Fontaine publique Morsang-sur-Seine

Joli coin, d’ailleurs. De l’ombre, des fleurs, une église accueillante, des cyclistes qui filent dans le cliquetis de leurs mécaniques légères.

Sur la carte, j’ai pointé un nom presque au hasard : « la place du vieux garçon ». C’est à deux pas. Le site est splendide, bordé d’une pelouse vert cru qui semble déroulée tout exprès pour s’y étendre, le dimanche, et voir passer les bateaux.

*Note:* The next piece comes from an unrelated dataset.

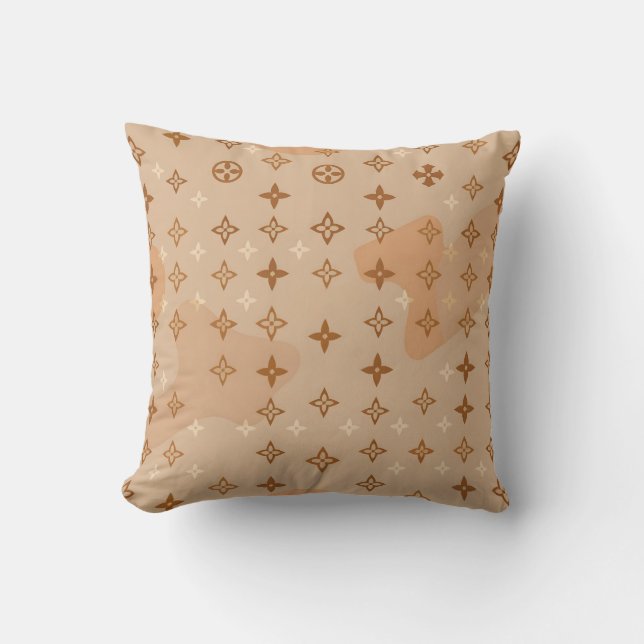Chique Monogram Elegant Dagelijks Kussen (Voorkant)
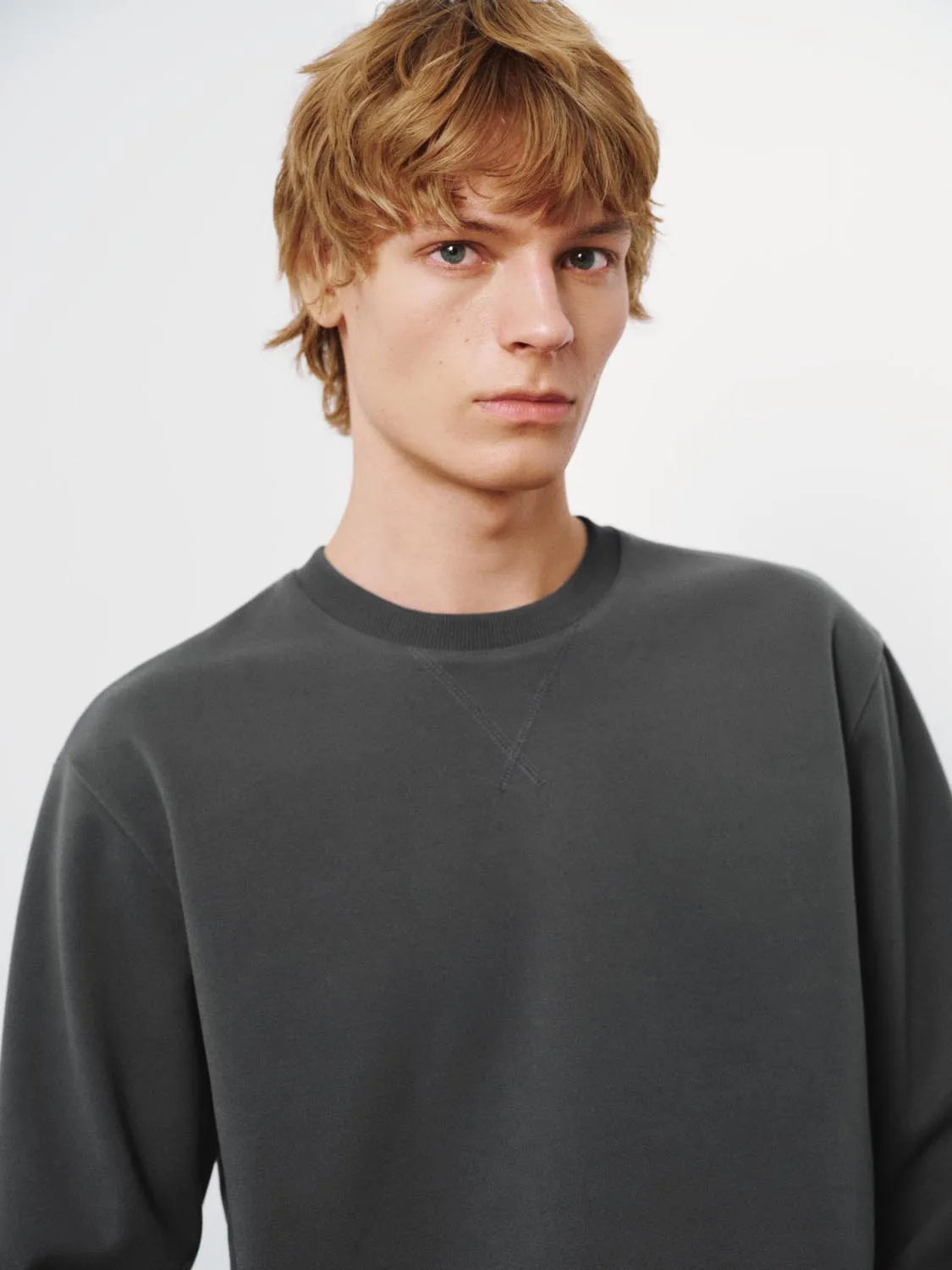 Crew Neck Sweatshirts sold by Urban Revivo product image thumbnail 3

Hélas, l’auberge éponyme où Georges Simenon est descendu et où son personnage, le commissaire Maigret, a loué des chambres, n’accueille plus de voyageurs. Le bâtiment abrite le siège d’une entreprise de télécommunication. Comme je déballe un sandwich, un employé franchit le portail, pilotant une énorme parabole sur un chariot de manutention. 

Sur quelques kilomètres, d’opulentes villas Belle-Epoque alternent avec des péniches sédentaires, ancrées pour longtemps dans l’ombrage frais des saules et des peupliers. Leurs propriétaires ont investi la berge en y déployant tables, chaises et parasols, voire, pour certains, un garage à porte déroulante ou une piscine en kit. Une collection de bibelots, un stand de musculation, un juke-box poussiéreux complètent cet attirail de campeur à l’année.

Je comptais me rafraîchir à la guinguette des Rapetou – là encore, le nom m’intriguait -, mais ce restaurant-brocante a baissé le rideau. Dommage, c’était le seul ravitaillement possible avant de traverser la grande forêt qui s’étend des bords de Seine jusqu’à Savigny-le-Temple.

Tant pis, il faut avancer. Ce fond d’eau dans ma gourde, j’en savoure chaque gorgée, assis sur un banc face au fleuve. Ma carte ignore ce petit coin d’éden où les pêcheurs se postent la nuit, à l’affût des poissons de vase.